WHAT THE TASK REQUIRES:
For the data below, retype word for word the lines from the one containing "The Best Cacio" through the one containing "Granny proudly displays her homemade jam"; drop the pictures.
Segment Start: DATA TO USE
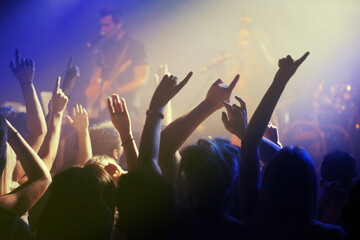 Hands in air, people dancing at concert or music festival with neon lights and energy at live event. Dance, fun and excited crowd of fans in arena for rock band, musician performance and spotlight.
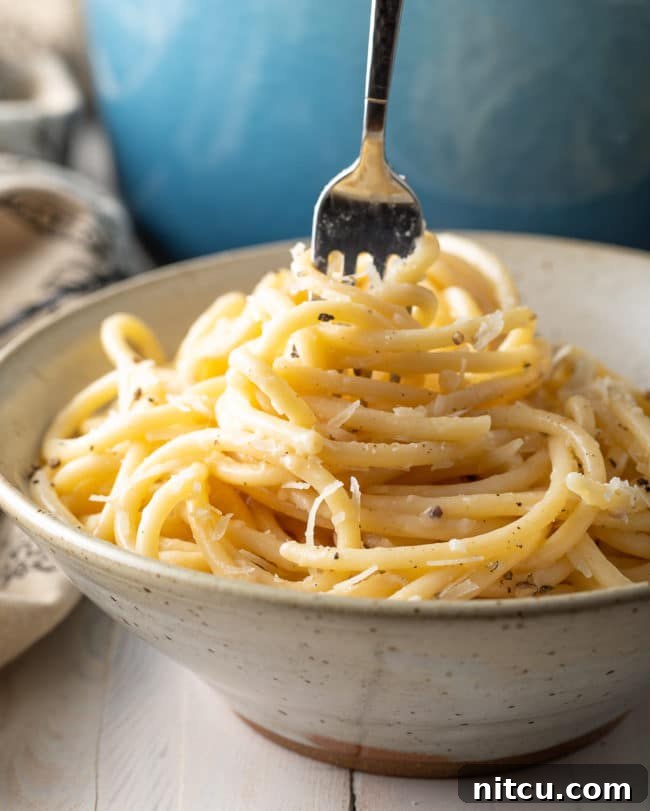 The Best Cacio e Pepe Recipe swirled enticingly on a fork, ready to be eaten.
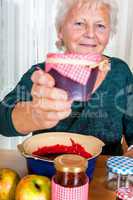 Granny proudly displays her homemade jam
Segment End: DATA TO USE
Segment Start: DATA TO USE
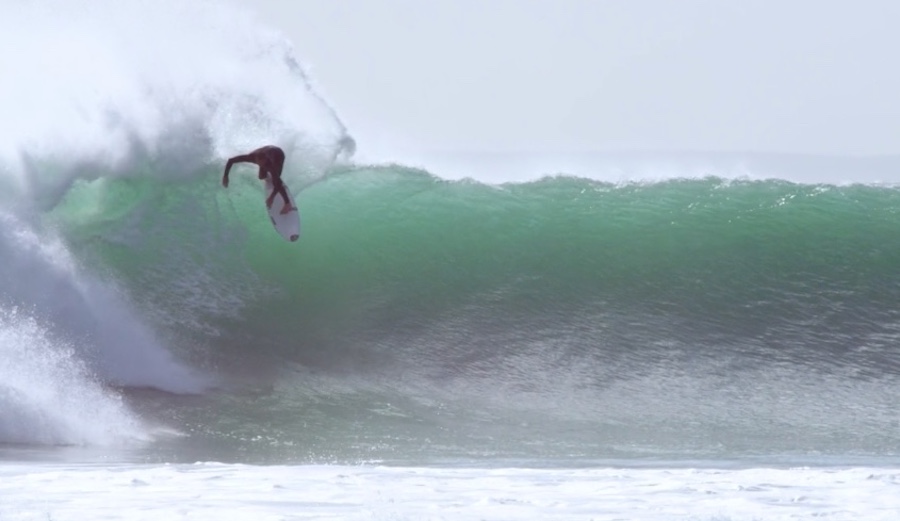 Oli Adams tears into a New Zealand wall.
Segment End: DATA TO USE
SOLUTION BELOW:
 The Best Cacio e Pepe Recipe swirled enticingly on a fork, ready to be eaten.
 Granny proudly displays her homemade jam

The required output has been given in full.